__TASK PROMPT__
Using the material below, repeat exactly the lines from the one with "Tropisch fruit ronde sticker (Tas)" through the one with "Becker e Djokovic nella foto", ends included, without any images.

__DATA IN THIS EXERCISE__
..........

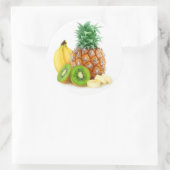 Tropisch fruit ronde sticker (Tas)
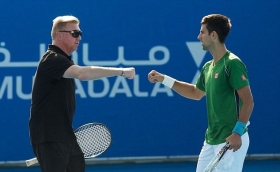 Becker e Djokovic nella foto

..........

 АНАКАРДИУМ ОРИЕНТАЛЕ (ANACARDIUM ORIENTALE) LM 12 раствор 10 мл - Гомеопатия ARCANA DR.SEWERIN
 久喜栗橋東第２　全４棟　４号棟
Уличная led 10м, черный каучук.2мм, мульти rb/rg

..........

__WRITTEN ANSWER__
 Tropisch fruit ronde sticker (Tas)
 Becker e Djokovic nella foto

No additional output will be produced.